日Pでは社会教育、家庭教育およびPTA活動の資質向上を目的とする全国大会の開催を柱に「青少年の健全育成及び福祉増進に資する情報資料の収集及び提供」「青少年の国内交流及び国際交流」「機関紙並びに社会教育、家庭教育及びPTA活動に関する図書・資料の刊行」など7つの事業を展開しています。
これらの事業において大切にしているのは教育、社会のこれからの姿を1人でも多くの保護者に伝えることです。現在であれば「令和の日本型学校教育」について保護者も学ぶべきだと考えています。
──中央教育審議会が2021年に取りまとめた答申「『令和の日本型学校教育』の構築を目指して〜全ての子供たちの可能性を引き出す、個別最適な学びと、協働的な学びの実現〜」のことですね。
一人ひとりの子どもが自分のよさや可能性を認識するとともに、周りの人と協働しながらさまざまな社会的変化を乗り越え、持続可能な社会の創り手になるという「令和の日本型学校教育」の世界観を知ってほしい。
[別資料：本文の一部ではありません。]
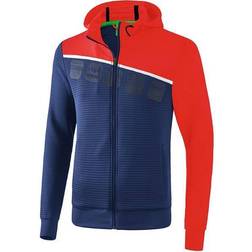 Erima Trainingsjacke mit Kapuze Enfant - Bleu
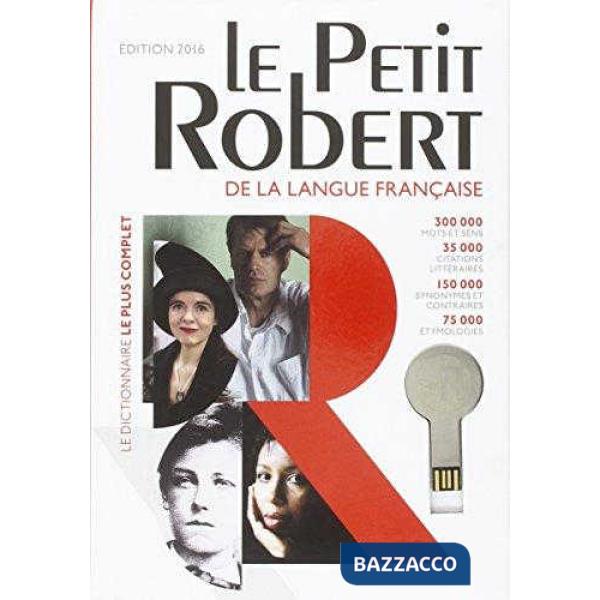 PETIT ROBERT 2016 LANG FRANC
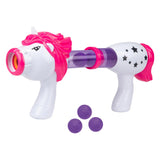 Dream Horse Unicorn Shielding Gun avec des boules de mousse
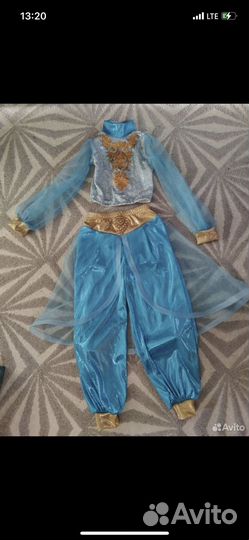 Костюм принцессы Жасмин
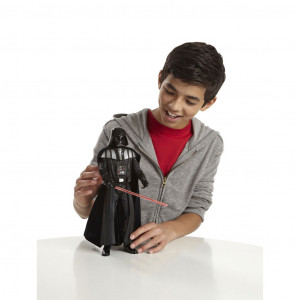 ... movie phrases for each character and changeable Lightsaber colors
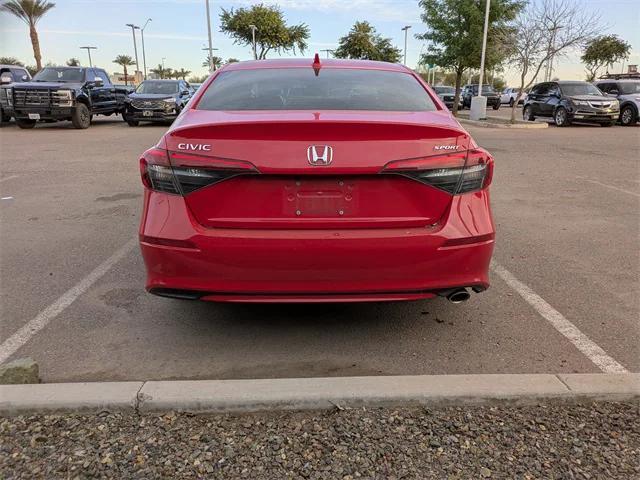 used 2023 Honda Civic car, priced at $21,481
毎年開催している全国大会は、記念講演やパネルディスカッションなどを通し、参加いただいたPTA関係者の方に日本の教育の最先端にふれていただく機会であるととらえています。
さらに、保護者の教育リテラシー向上を目的に、令和の日本型学校教育、コミュニティ・スクール、不登校、発達障害をテーマとした動画を制作しホームページ上で見ていただけるようにしています。また、青少年育成を目的に、国内研修事業も行っています。これは、全国の中学2年生を対象に、国内の青少年施設において、集団宿泊や体験活動を通じて社会環境や自然環境への視野を広めるために開催しています。これらの事業を通し、保護者が子どもの教育について学び、PTA活動をより充実させることができるよう支援しています。
──教育に関心の高い方はさておき、こうした情報をより多くの保護者に届けるには工夫が必要ではないでしょうか。
例えば、全国大会には全国から何千人ものP連・PTA関係者が集まりますが、仮に7500人の保護者が集まったとしても、日P全会員・約750万人の0.1%にしかなりません。「教育の最先端に触れる機会をつくる」という意味においては「広く伝えきれていない」のが現状と認識しています。
中学生を対象にした国内研修についても、参加生徒数が限られているため、「真の意味での青少年育成につながっていないのではないか」という意見が出ているのも事実です。また、先に申し上げた教育動画などについても、当会には広報の専門部門があるわけではないため広く周知できておらず、広報力不足という側面も認識しています。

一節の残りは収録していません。